Currently, NetReg determines the host and domain portion of a hostname by splitting it on the first dot. This may not always correspond to the DNS zone file configuration, however. For example, we have 130.215.0.0/16 allocated, so we have the DNS zone 215.130.in-addr.arpa. The PTR record for, say, 130.215.201.24 would then be a host portion of 24.201 in a domain of 215.130.in-addr.arpa. NetReg handles this with the rev-permissible zone 201.215.130.in-addr.arpa, which provides extra records that give the standard hostname splitting format the necessary records to match on.
In the case of a class B reversal zone, this means there are 256 extra rev-permissible zones - no big deal. For IPv6 addresses, however, things get much, much worse. Take a typical /48 allocation. Since IPv6 is split up in 4 bit segments, instead of 8 bit ones, 44 bits worth of rev-permissible zones equates to 11 levels of rv-permissible zones between the delegated zone and the reversal record. At 11 levels of 16 possible values, this means you'd need 16^11 or 17,592,186,044,416 zones. I don't know about you, but I'd prefer not to have to add that many extra rows to the dns_zone table if I can avoid it.
Instead, the only practical way to handle this is to make the process of matching a given hostname to the correct DNS zone record intelligently find the longest matching zone, regardless of the number of segments. Luckily, once implemented, this match can be applied to both IPv4 and 6 reversal lookups, so there shouldn't be any need to special case IPv6 reversals.
Question - in the case where a host is configured with an allocation other than a /128, what reversal records if any should be created?

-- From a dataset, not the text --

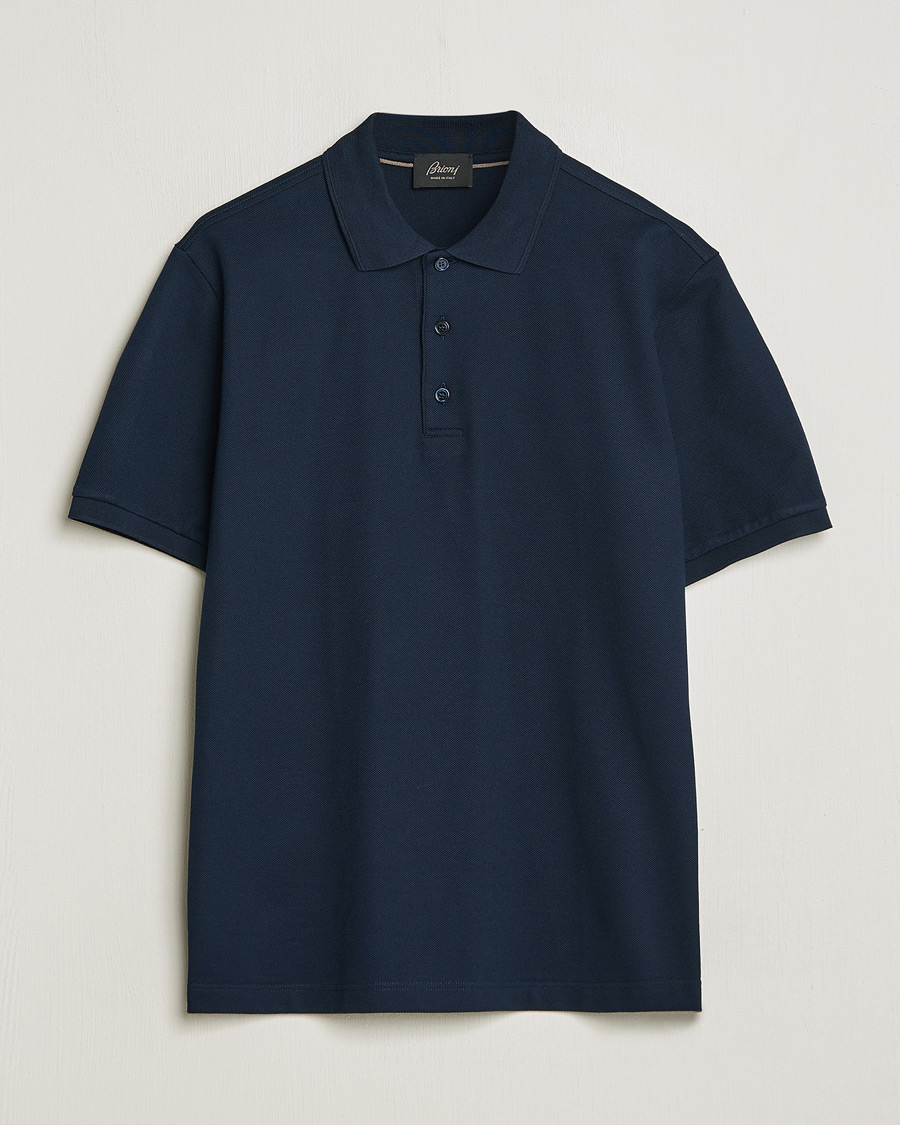 Herre | Polotrøjer | Brioni | Cotton Pique Short Sleeve Polo Navy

Overall, updating NetMon should be pretty straightforward, as most of the functionality is just simple dump into tables level functionality.
- NDP
- DHCP
- Wifi client
- Need to check on wireless support for reporting v6 client addresses
The various search routines will have to be handled not only to accept IPv6 addresses in searches, but also, when handed a hostname, to search for all 4 and 6 addresses assigned to that hostname.
Regardless of whatever decision is made about IPv6 allocation sizes, we should be prepared to do address plus mask based searches, as there's no guarantee that NetReg will always be the sole authoritative source of all address assignments.